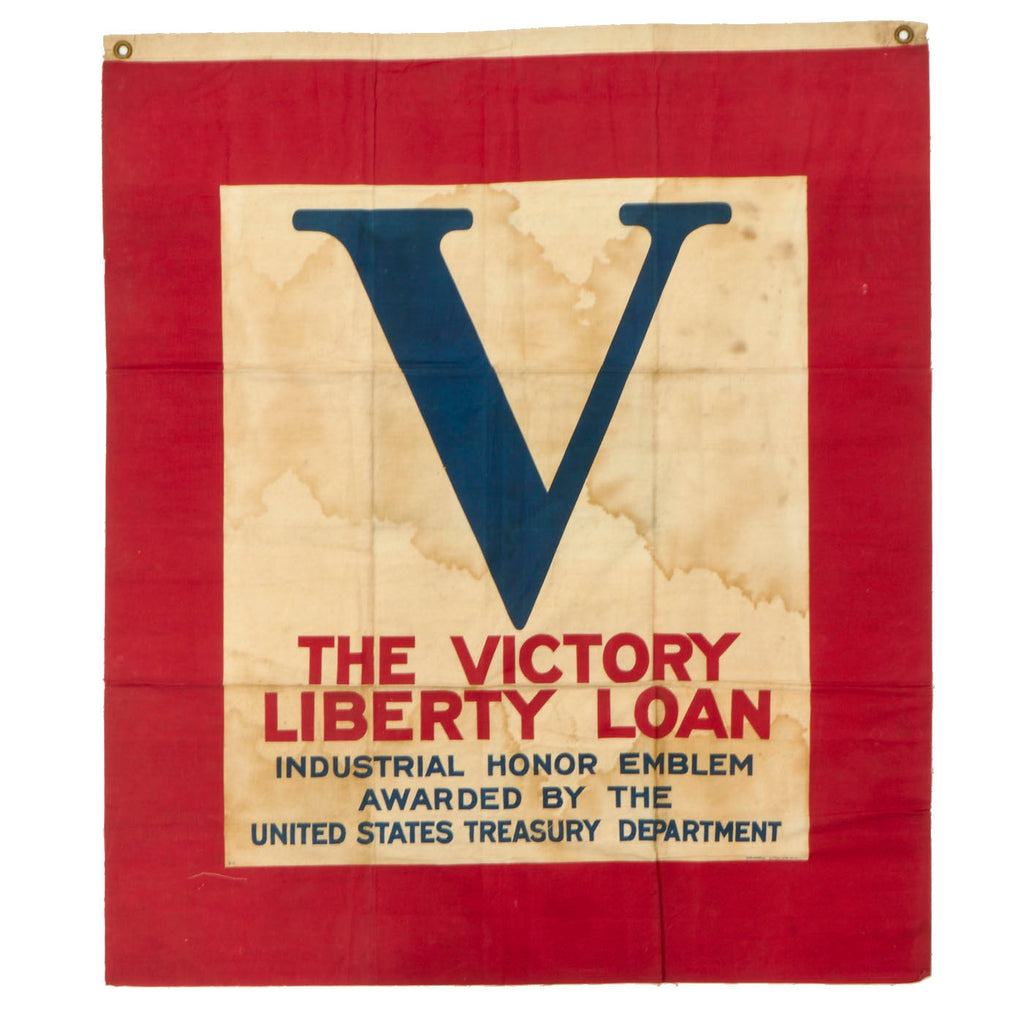 Original U.S. WWI Victory Liberty Loan Oilcloth Banner Flag - 34" x 29" Original Items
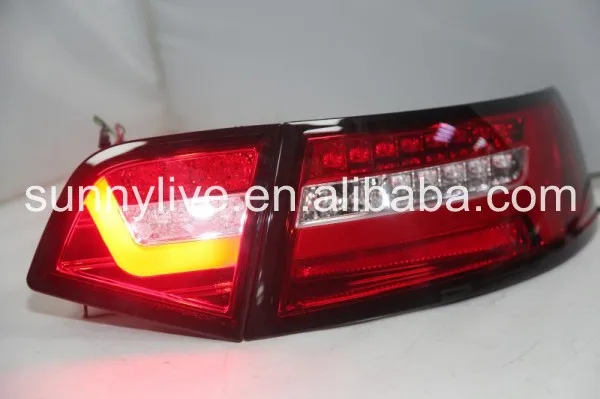 Для Audi A6L 2009-2012 Задняя фара светодиодная задний фонарь SN красного и белого цвета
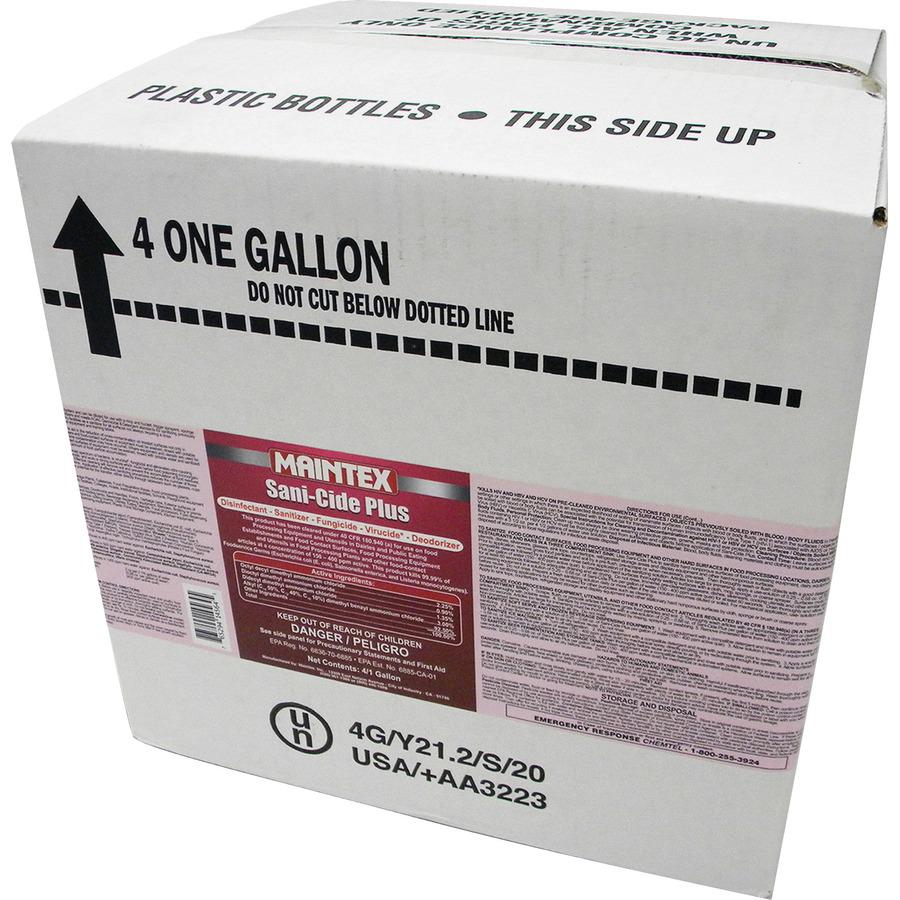 Maintex Sani-Cide Plus No-Rinse Sanitizer - Concentrate - 128 fl oz (4 quart) - Neutral Scent - 4 / Carton - Red. Picture 2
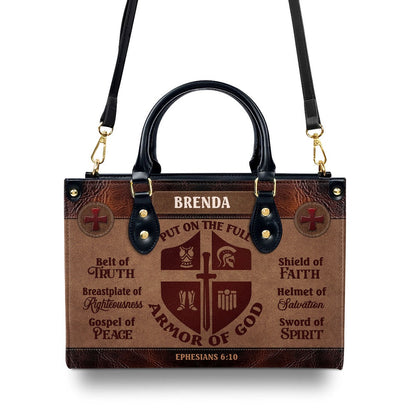 Personalized Christian Leather Bag, Armor Of God Leather Handbag, Faith Handbag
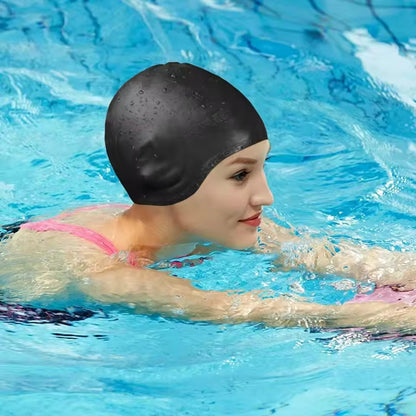 Silicone Swim Cap with Ear Pockets for Pool Training & Long Hair Protection – Waterproof & Tear-Resistant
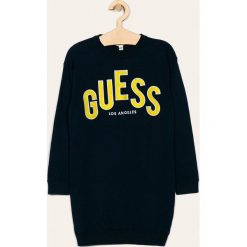 Guess Jeans - Sukienka dziecięca 118-175 cm. Niebieskie sukienki dziewczęce Guess Jeans, z aplikacjami, z bawełny, casualowe, z długim rękawem, długie, maxi, proste. W wyprzedaży za 129,90 zł.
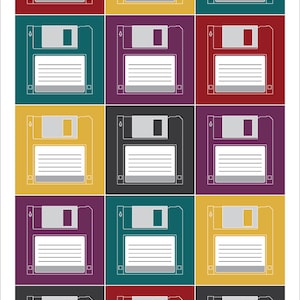 May include: A digital illustration of a floppy disk in various colors. The floppy disk is a common symbol of the early days of computing.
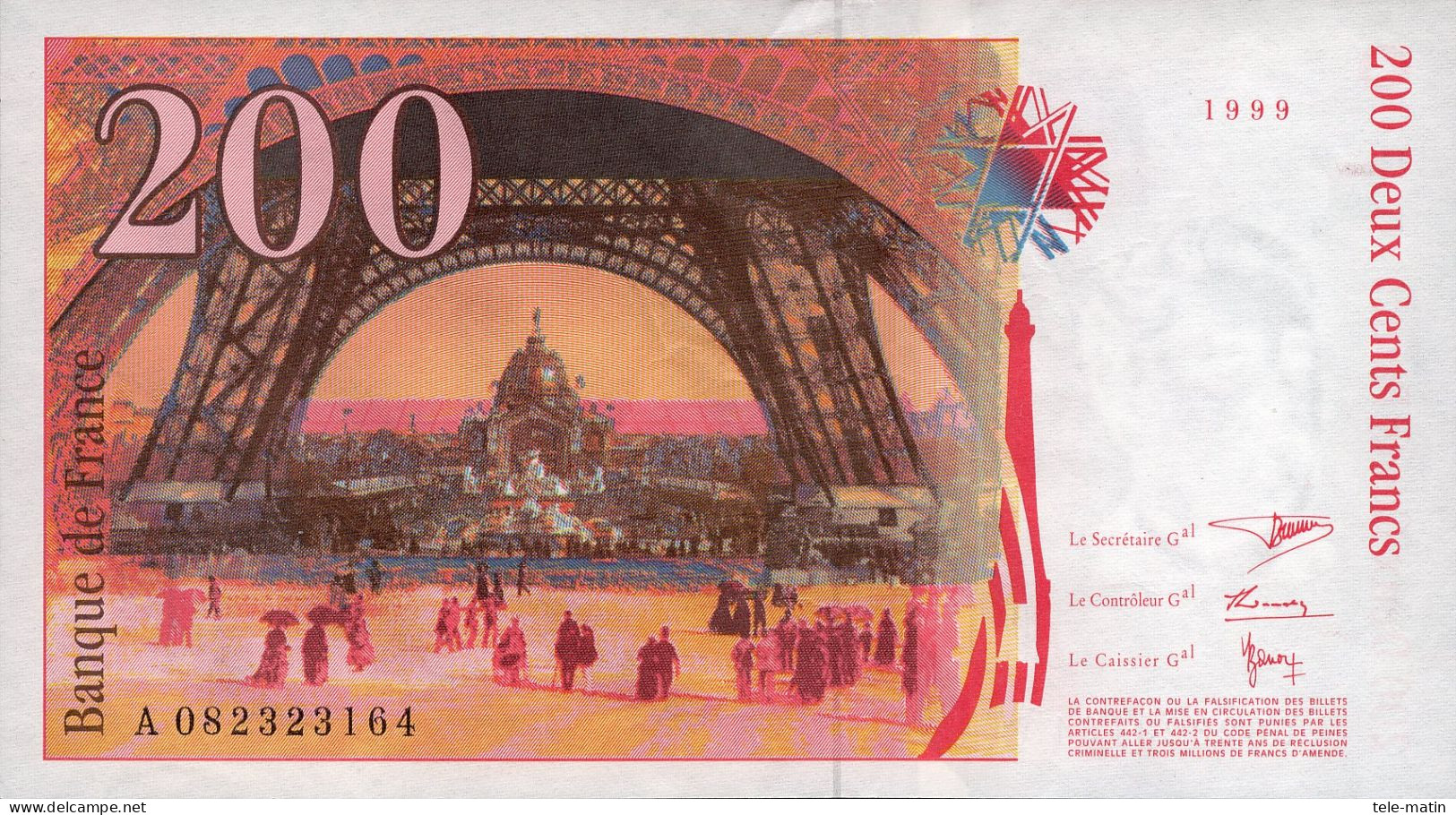 200 Frs De 1999 G Eiffel ( Billet Neuf ) - 200 F 1995-1999 ''Eiffel''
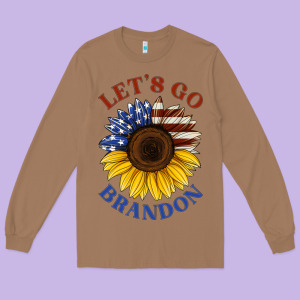 American Flag Sunflower Long Sleeve Tee Designed By Jasminsmagicworld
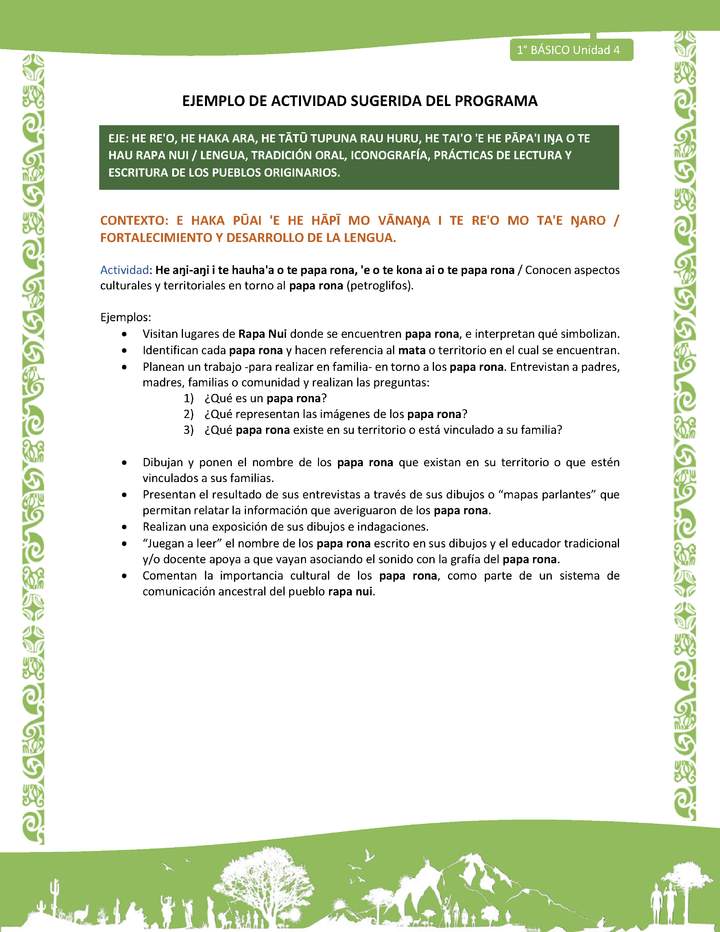 Actividad sugerida LC01 - Rapa Nui - U4 - N°78: Conocen aspectos culturales y territoriales en torno al papa rona (petroglifos).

☆ ☆ ☆ ☆ ☆ ☆ ☆

_What you are asked to do:_ Please retype, exactly and with the pictures left out, the lines from the line containing "Personalized Christian Leather" through the last line of the records above.

_Response area:_
 Personalized Christian Leather Bag, Armor Of God Leather Handbag, Faith Handbag
 Silicone Swim Cap with Ear Pockets for Pool Training & Long Hair Protection – Waterproof & Tear-Resistant
 Guess Jeans - Sukienka dziecięca 118-175 cm. Niebieskie sukienki dziewczęce Guess Jeans, z aplikacjami, z bawełny, casualowe, z długim rękawem, długie, maxi, proste. W wyprzedaży za 129,90 zł.
 May include: A digital illustration of a floppy disk in various colors. The floppy disk is a common symbol of the early days of computing.
 200 Frs De 1999 G Eiffel ( Billet Neuf ) - 200 F 1995-1999 ''Eiffel''
 American Flag Sunflower Long Sleeve Tee Designed By Jasminsmagicworld
 Actividad sugerida LC01 - Rapa Nui - U4 - N°78: Conocen aspectos culturales y territoriales en torno al papa rona (petroglifos).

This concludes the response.